Alla Cruz de Hierro ho accettato la morte di mio figlio
Il cammino è un pellegrinaggio che trascende la religione, nonostante la matrice cattolica. Per questo l’ho scelto. Volevo entrare in contatto con persone da tutto il mondo con storie tra loro diverse. Era una sfida psicologica e spirituale. Prima di partire mi sono allenato facendo 300 chilometri con lo zaino in spalla. Anche se dove vivo io è tutta pianura, zero montagne. Il mio corpo ha reagito bene alle salite e alle discese, ma non alle vesciche. Ci ho dolorosamente camminato sopra dal sedicesimo giorno in poi, e ne avrei fatto volentieri a meno. Ma chi può fare piani è la strada, non sei tu.
Mi sono reso conto in fretta che fare 40 chilometri al giorno era sbagliato, perché così seminavo le persone che incontravo. Perdevo la loro compagnia, punti di vista ed esperienze. Avrei solo fatto scorrere il mio corpo sul sentiero, e questo non era il mio scopo.
Mi sono fermato prima di Santiago, dovevo tornare a casa. Mi spiace non essere riuscito a finire il cammino di fianco a quei volti famigliari che avevo conosciuto all’inizio e coi quali avrei voluto condividere la strada. La cosa bella, però, è che avrò la possibilità di conoscere nuovi pellegrini il prossimo anno quando tornerò.
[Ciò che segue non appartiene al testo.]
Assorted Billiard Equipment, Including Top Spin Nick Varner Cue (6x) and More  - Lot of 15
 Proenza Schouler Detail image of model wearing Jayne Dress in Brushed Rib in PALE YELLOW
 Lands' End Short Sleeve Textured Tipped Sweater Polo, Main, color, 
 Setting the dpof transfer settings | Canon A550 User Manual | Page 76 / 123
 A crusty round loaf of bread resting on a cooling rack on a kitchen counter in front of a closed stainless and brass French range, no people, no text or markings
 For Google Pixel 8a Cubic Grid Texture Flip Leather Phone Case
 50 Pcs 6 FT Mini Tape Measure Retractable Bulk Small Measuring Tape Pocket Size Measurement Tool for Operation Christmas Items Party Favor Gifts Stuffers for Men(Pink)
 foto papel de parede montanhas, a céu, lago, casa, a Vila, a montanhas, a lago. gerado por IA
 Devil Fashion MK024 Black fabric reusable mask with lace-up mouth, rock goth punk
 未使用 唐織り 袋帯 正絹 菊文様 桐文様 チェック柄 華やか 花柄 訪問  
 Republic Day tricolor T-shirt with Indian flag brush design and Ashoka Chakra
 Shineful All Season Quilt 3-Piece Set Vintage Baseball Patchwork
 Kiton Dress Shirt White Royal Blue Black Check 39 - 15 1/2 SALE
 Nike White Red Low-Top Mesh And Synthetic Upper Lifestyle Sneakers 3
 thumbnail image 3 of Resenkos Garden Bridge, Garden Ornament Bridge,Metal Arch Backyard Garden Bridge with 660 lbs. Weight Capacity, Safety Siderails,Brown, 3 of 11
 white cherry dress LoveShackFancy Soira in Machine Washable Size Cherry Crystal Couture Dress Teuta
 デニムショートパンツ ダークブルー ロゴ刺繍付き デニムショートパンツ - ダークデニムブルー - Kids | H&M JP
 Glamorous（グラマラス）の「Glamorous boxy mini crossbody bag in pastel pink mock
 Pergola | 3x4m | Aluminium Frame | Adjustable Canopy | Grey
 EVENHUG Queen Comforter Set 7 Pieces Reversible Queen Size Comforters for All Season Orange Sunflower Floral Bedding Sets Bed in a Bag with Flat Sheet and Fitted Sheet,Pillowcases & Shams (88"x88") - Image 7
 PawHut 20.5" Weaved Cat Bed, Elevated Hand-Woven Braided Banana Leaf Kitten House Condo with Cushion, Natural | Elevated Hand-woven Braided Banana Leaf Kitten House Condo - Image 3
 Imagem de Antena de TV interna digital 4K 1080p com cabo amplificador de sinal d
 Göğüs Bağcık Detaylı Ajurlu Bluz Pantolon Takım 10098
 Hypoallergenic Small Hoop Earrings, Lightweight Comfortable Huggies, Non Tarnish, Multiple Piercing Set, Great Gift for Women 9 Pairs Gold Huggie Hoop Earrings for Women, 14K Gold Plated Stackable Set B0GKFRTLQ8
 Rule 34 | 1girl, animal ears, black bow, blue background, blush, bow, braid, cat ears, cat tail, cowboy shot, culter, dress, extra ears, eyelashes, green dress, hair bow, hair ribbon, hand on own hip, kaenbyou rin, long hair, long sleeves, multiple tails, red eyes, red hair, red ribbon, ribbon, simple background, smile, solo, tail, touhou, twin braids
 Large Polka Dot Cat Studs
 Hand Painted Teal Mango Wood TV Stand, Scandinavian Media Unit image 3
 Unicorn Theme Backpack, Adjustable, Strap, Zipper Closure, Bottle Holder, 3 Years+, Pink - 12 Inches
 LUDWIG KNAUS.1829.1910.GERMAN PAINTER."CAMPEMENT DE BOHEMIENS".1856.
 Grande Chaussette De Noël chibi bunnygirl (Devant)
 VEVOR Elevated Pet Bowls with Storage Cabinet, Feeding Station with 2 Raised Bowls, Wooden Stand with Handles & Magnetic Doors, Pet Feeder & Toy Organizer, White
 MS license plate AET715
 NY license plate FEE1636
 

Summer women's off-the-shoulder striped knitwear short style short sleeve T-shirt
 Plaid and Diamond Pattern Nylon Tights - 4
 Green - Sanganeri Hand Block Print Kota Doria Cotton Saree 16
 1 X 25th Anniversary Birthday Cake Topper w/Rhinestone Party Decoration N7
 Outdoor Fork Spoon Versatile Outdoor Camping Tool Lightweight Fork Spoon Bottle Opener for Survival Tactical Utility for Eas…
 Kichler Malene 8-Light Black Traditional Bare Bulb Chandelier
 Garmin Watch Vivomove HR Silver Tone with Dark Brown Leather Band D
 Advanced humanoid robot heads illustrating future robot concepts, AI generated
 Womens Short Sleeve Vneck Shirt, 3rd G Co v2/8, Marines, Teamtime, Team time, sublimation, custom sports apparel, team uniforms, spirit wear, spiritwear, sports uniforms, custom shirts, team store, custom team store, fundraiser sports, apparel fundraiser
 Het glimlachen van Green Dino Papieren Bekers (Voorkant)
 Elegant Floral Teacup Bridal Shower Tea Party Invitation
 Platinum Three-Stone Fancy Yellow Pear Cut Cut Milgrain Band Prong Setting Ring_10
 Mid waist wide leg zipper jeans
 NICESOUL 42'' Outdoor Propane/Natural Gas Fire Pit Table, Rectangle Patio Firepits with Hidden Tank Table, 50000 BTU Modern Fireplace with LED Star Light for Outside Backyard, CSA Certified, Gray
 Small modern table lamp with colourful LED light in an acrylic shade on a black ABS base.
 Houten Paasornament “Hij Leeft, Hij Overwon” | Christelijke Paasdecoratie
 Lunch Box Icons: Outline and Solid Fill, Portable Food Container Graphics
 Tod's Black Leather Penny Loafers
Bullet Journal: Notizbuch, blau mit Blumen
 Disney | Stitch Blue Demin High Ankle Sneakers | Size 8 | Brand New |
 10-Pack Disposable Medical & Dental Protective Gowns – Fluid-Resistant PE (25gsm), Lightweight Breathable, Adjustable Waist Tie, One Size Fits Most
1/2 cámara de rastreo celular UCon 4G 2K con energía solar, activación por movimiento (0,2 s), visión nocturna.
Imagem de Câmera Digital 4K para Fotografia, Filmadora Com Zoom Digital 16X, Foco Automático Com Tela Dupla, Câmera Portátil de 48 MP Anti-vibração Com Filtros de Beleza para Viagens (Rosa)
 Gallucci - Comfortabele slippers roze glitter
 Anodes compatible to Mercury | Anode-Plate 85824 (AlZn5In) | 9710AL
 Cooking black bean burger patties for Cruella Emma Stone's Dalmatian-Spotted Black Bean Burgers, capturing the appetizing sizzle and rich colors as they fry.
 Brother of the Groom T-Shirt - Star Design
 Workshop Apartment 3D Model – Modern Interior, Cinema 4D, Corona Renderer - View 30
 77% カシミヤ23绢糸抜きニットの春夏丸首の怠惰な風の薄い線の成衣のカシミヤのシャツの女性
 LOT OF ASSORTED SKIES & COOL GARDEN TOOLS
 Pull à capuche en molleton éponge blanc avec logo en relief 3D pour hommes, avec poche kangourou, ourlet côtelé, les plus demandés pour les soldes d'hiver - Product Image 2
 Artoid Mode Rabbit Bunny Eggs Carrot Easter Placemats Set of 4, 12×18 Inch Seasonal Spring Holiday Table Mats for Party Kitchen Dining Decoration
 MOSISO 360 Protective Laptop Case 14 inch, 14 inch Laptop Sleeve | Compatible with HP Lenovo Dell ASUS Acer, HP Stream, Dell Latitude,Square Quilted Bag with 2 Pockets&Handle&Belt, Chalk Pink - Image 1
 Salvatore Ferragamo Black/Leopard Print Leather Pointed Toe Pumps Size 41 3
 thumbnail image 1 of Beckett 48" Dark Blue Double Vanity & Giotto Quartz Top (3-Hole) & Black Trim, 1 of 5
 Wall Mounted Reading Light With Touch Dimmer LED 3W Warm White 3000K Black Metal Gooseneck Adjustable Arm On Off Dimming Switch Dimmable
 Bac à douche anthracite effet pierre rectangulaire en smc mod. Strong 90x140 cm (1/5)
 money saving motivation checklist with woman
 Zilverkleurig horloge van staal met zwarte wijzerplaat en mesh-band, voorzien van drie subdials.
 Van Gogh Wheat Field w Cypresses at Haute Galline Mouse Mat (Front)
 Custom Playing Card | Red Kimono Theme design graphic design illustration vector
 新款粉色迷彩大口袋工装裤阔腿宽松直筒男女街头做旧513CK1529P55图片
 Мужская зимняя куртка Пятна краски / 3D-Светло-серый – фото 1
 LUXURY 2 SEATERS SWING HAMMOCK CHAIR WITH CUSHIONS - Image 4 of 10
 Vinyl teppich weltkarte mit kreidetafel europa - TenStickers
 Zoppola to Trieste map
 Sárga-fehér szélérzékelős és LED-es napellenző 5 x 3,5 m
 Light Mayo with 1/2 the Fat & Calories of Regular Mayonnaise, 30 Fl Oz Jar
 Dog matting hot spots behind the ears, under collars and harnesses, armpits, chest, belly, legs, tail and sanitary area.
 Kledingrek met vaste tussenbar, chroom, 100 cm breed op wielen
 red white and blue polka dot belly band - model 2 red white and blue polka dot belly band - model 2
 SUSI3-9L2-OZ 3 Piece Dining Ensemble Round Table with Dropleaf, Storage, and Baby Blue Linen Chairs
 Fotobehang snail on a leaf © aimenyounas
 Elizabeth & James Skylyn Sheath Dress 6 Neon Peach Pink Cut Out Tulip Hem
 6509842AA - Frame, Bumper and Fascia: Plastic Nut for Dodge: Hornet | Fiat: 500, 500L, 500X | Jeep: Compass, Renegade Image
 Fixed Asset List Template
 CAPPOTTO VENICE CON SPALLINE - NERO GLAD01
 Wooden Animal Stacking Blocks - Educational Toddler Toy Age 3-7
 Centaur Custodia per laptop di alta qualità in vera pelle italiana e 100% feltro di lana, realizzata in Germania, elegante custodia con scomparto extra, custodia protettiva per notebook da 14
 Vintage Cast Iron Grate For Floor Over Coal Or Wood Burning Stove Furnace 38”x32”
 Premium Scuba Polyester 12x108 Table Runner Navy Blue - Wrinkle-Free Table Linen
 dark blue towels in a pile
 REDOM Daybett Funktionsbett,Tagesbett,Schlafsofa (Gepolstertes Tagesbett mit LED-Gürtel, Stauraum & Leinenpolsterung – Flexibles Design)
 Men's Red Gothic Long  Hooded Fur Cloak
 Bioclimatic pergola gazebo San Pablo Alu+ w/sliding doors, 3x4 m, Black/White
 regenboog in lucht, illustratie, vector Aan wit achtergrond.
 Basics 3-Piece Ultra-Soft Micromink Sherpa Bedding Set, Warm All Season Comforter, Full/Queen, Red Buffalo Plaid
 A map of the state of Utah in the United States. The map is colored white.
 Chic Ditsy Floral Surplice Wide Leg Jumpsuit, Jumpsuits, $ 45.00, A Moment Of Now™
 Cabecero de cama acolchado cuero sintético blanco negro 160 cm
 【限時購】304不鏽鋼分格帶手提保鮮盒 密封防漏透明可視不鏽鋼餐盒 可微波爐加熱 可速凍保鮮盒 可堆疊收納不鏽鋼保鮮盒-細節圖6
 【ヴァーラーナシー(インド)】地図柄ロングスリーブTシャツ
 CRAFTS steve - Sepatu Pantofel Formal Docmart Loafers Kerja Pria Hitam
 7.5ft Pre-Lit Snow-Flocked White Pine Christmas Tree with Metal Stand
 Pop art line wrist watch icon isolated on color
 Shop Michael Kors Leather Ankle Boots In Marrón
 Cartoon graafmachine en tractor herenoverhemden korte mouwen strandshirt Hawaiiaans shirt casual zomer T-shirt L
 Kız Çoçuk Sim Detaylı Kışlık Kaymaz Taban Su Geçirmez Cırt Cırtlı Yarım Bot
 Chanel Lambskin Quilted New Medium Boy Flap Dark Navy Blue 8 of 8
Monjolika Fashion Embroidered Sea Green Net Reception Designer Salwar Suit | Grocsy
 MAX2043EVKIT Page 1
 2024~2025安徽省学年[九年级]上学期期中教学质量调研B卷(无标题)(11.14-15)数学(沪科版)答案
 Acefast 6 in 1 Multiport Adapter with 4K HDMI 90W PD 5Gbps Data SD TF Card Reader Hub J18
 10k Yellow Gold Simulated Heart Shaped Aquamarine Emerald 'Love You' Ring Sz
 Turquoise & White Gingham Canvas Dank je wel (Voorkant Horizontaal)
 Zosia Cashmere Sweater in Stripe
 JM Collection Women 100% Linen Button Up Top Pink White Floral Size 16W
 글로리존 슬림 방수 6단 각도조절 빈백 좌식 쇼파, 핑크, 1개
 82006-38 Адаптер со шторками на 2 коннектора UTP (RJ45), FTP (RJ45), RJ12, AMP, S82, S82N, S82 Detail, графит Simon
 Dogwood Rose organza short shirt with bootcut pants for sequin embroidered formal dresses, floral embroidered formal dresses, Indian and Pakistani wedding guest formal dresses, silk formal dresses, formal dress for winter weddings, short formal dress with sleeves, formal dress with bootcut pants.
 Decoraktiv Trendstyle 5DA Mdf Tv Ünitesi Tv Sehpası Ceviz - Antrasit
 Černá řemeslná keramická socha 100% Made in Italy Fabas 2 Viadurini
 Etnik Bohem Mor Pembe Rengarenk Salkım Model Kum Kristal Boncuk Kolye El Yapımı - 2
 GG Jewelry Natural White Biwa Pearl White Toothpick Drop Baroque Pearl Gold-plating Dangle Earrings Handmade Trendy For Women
La prima volta che ne ho sentito parlare è stato vent’anni fa. Nel 2010 ho perso uno dei miei figli. Era malato di cancro e aveva 17 anni. Un mese dopo mia moglie mi ha chiesto il divorzio. Gli altri miei due figli, che allora avevano 13 e 19 anni, stavano cercando di elaborare la morte del fratello. Oltre a questo, eravamo in un periodo di recessione. Io ero concentrato sul mio bambino malato, e in sostanza ho lasciato che il mio staff gestisse la nostra azienda. Hanno fatto un ottimo lavoro, ma si vedeva che mancava una guida. In più, mentre succedeva tutto questo dovevo stare accanto ai miei figli. Non ho avuto tempo né di respirare né di elaborare il lutto.
L’anno scorso, coi miei figli ormai cresciuti e l’azienda in risalita, ho deciso che avrei fatto il cammino per dedicarmi un po’ di tempo. Per ringraziare Dio o chi per lui, per la splendida vita che ho e perché i miei figli sono diventate belle persone. Per essere grato alla mia ex moglie e per tutto quello che abbiamo condiviso. Per il duro lavoro che ha fatto per diventare una grande mamma, visto che è rimasta a casa coi nostri ragazzi durante gli anni della formazione. Per festeggiare il fatto che l’azienda stia girando bene. Per imparare a perdonare. Per piangere finalmente la perdita di mio figlio. Quando sono arrivato alla Cruz de Hierro, mi sono reso conto di averla accettata.
Il cammino mi ha convinto che per avere una vita ricca devo concentrarmi sulle cose che contano. Mi ha insegnato ad avere più pazienza. E sto imparando a essere molto più tollerante e a frenare il giudizio. Ho capito che quando ci sentiamo travolti dai nostri problemi quotidiani dobbiamo sapere che non sono né enormi né tanto meno insormontabili. Possiamo lavorarci e, in caso di bisogno, chiedere aiuto. Le persone che portano con sé solo l’essenziale sono sempre disponibili a condividere e a darti una mano. Ad avere fiducia nel prossimo. Questo è quello che ho imparato.